> _The task_
Pictures stay out of the output. Return exactly the lines below from the one with "used 2019 Honda HR-V car, priced at $13,999" down to the one with "Chuteira Society Puma", both included, and nothing more.

> _Dataset_
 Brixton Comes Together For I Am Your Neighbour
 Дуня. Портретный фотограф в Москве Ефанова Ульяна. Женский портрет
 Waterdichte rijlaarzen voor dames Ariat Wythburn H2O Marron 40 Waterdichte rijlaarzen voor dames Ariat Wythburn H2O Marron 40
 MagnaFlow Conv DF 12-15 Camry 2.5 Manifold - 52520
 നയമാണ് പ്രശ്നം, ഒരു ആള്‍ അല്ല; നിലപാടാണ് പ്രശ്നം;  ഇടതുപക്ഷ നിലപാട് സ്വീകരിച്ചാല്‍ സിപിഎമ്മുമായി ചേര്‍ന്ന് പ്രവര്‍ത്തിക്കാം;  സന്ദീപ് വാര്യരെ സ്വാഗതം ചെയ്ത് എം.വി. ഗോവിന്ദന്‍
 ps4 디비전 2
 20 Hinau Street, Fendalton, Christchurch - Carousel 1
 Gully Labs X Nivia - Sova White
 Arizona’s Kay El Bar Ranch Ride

...

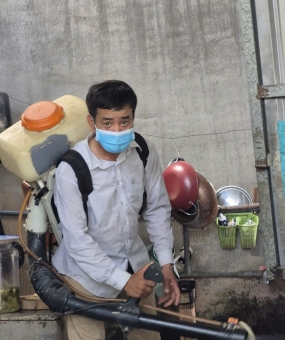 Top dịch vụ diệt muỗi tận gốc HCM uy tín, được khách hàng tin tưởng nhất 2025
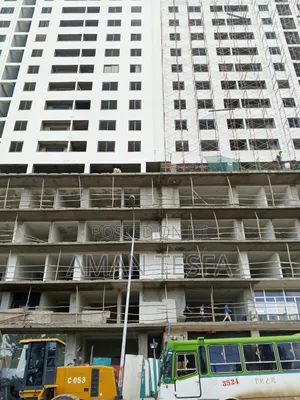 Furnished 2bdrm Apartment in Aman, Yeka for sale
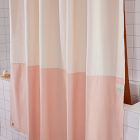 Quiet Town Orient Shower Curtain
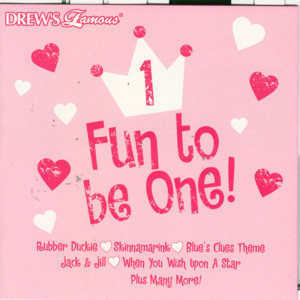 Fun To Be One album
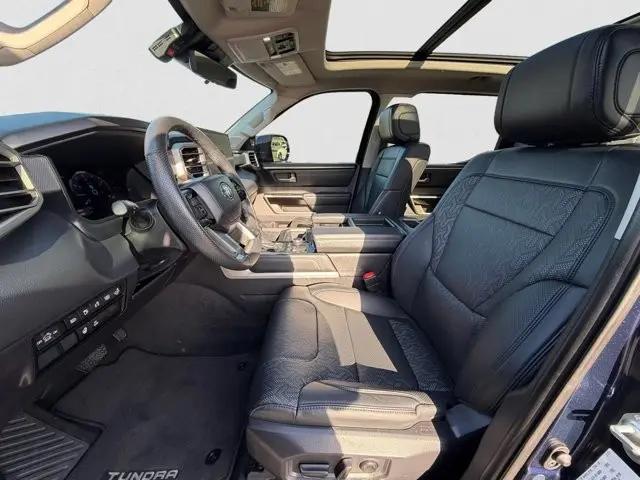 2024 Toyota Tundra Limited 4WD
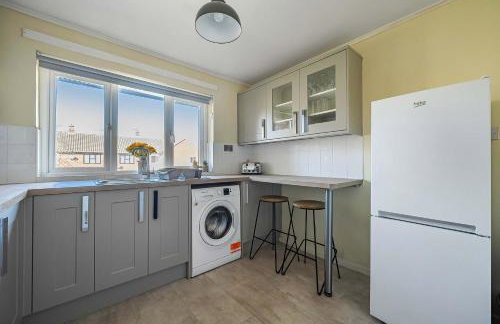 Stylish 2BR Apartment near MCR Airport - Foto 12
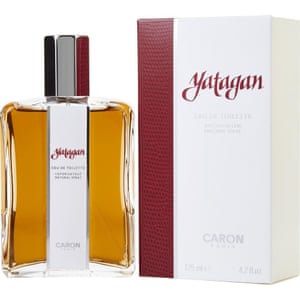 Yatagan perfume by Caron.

...

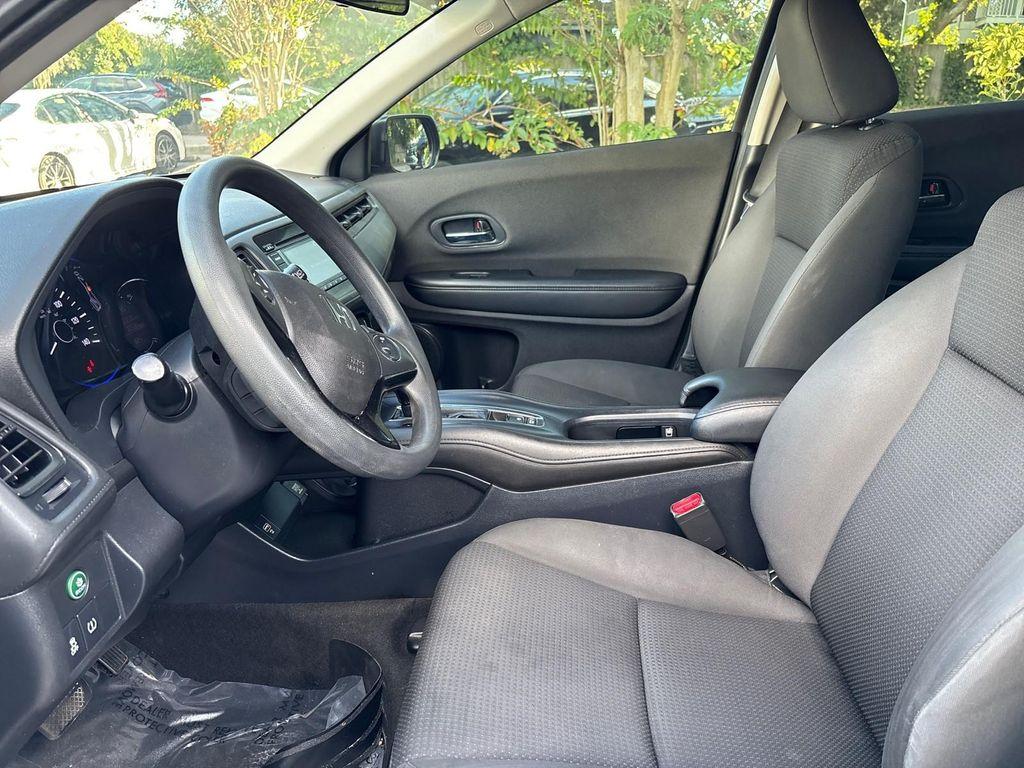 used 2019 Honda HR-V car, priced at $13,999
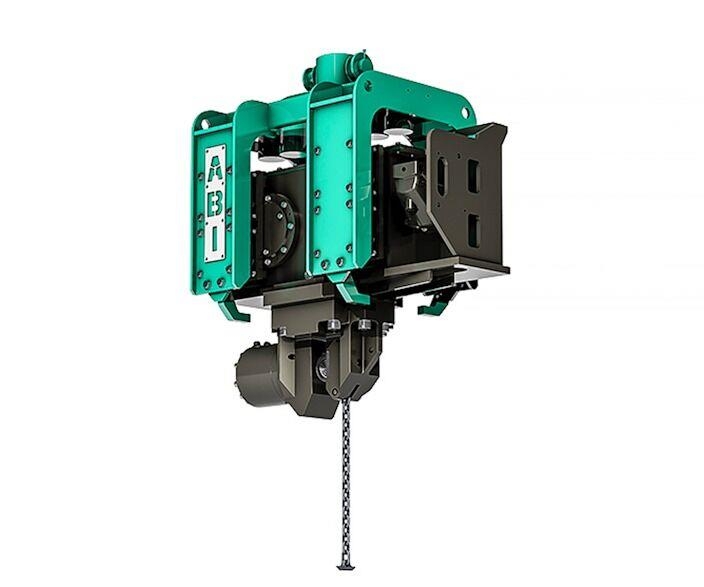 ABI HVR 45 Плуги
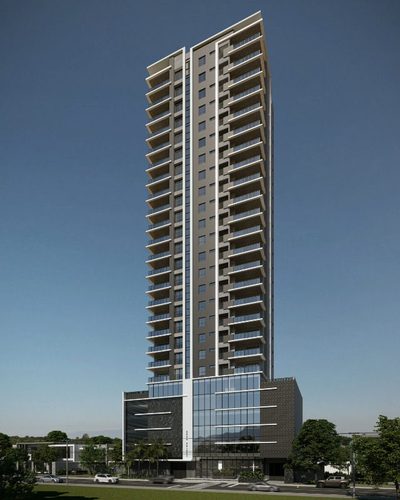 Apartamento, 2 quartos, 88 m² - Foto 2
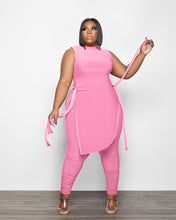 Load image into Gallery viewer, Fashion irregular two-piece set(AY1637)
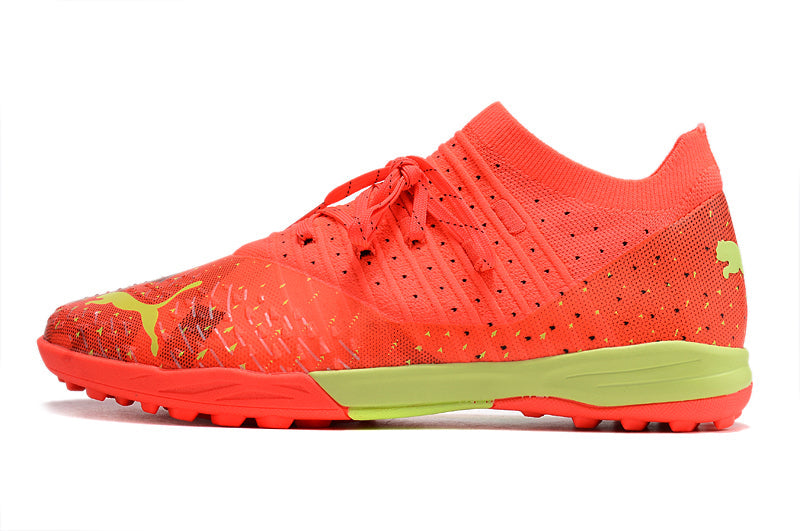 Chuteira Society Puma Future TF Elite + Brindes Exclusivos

> _Answer below_
 used 2019 Honda HR-V car, priced at $13,999
 ABI HVR 45 Плуги
 Apartamento, 2 quartos, 88 m² - Foto 2
 Load image into Gallery viewer, Fashion irregular two-piece set(AY1637)
 Chuteira Society Puma Future TF Elite + Brindes Exclusivos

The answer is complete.